There are literally thousands of colleges with more openings than there are students. Everyone can go to college, even if you have terrible grades or learning disabilities or other handicaps to deal with. The costs also vary widely and the availability of financial aid increases with your flexibility about college choice.
Where to Start
Let’s assume you are going to stay within the U.S. borders. So pick up one of those very fat Barron’s or Peterson’s, and begin to go page by page, quickly reading about hundreds of options in areas of the country that interest you. It’s actually a fun process. Between that and visiting some local campuses you will begin to develop a list of colleges that you might like to attend. It should not matter if no one has heard of some of the schools. It should not matter if you could “do better.”

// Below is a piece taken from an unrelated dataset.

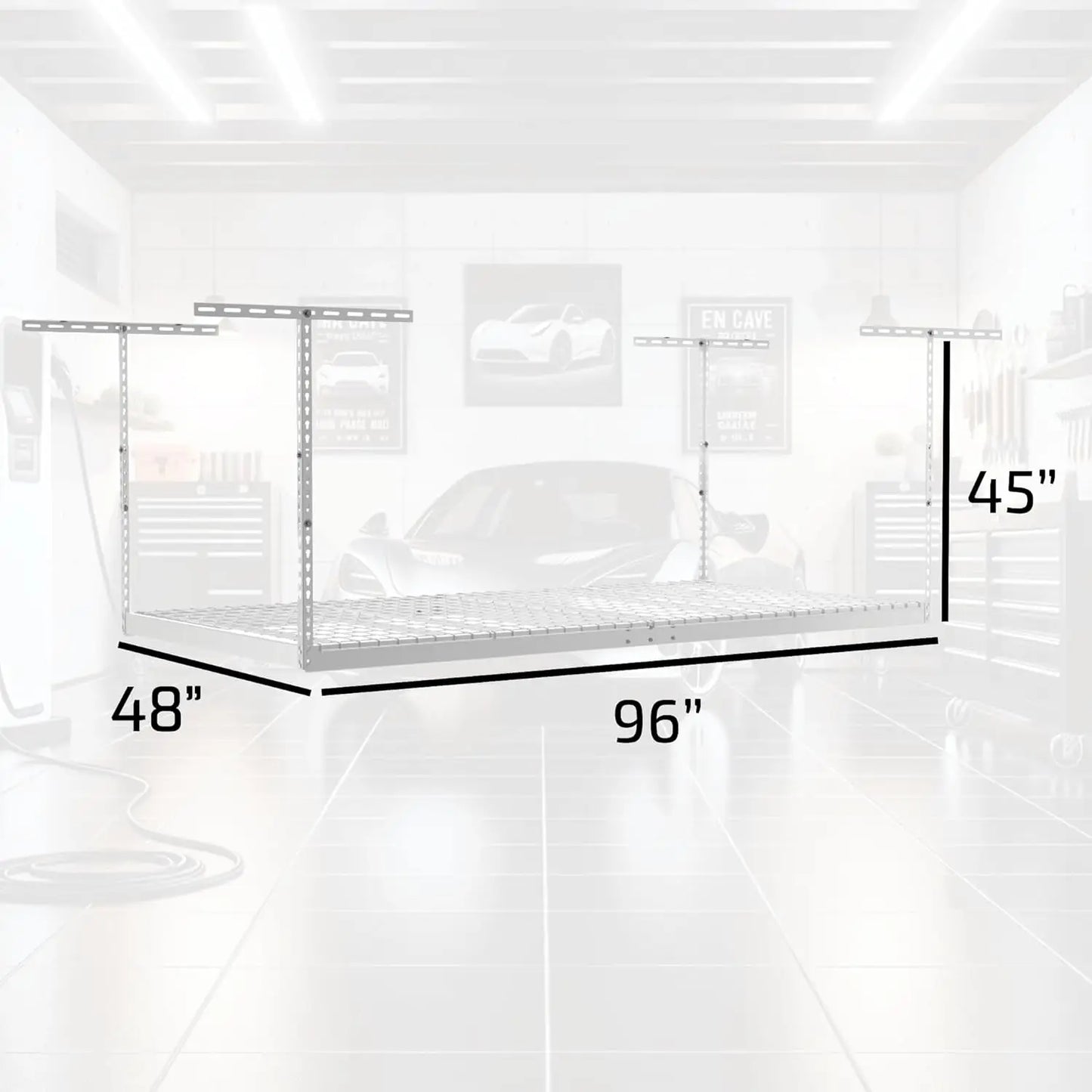 Overhead Garage Storage Rack - 4 x 8 Ceiling Shelving, Adjustable Hanging Racks, Color: White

Don’t waste time with so-called reach schools. What a twisted concept that has become. “Reach” has become a source of much of the stress and disappointment that students and parents experience. Apply to schools where your background fits with their criteria. That still doesn’t mean that you’ll get accepted. But the notion of a “reach school” is embedded in the myths we’ve already debunked. You don’t have to go to the highest-rated school possible.
As you narrow your list, begin to visit schools. Summer tours are great family trips. If it’s a long distance, with today’s low-priced airlines, you and at least one parent can afford to go most anywhere. Sometimes a couple of friends will travel on their own to some faraway schools, making it into a summer adventure that expands your world.
What Will Really Matter
That’s the secret that underlies the most important reason for not driving yourself crazy with worry about making the right choice. There is no way to predict how it will all play out and influence the outcome of your life. There have been some recent movies that played upon that idea – redoing a simple act such as catching or missing a subway train, and how that can alter the path of your life.
I remember a senior who was so disappointed that he had to choose his “safety school” (another concept I dislike — if you are choosing a proper list, you don’t need a “safety school,” which by definition is a place you don’t really want to attend but apply to just to make sure you have a college to attend). This senior went to his safety school and came back to see me the following summer. He loved the school. Why? He had made some great friends and that gave a quality to the experience that overshadowed everything else. In addition, he found the faculty to be very accessible and he enjoyed many of his classes more than he had expected.
The point is you have no idea whom you might meet – a lifelong best friend, your future significant other, a professor who plays a special role in helping you “find yourself,” or someone you end up starting a business with. This can happen anywhere and you never know where or when something significant like that will occur. It is accepting that there is a great deal of serendipity to life and much that we have no control over that makes the whole process of choosing a college much simpler and more relaxed.
Like I said earlier, pick a nice place you want to live for the next four years and use the time as one of life’s transitions, learning to live on your own, expanding your universe of friends and experiences, and, oh yes, taking a few courses that you might actually remember years later!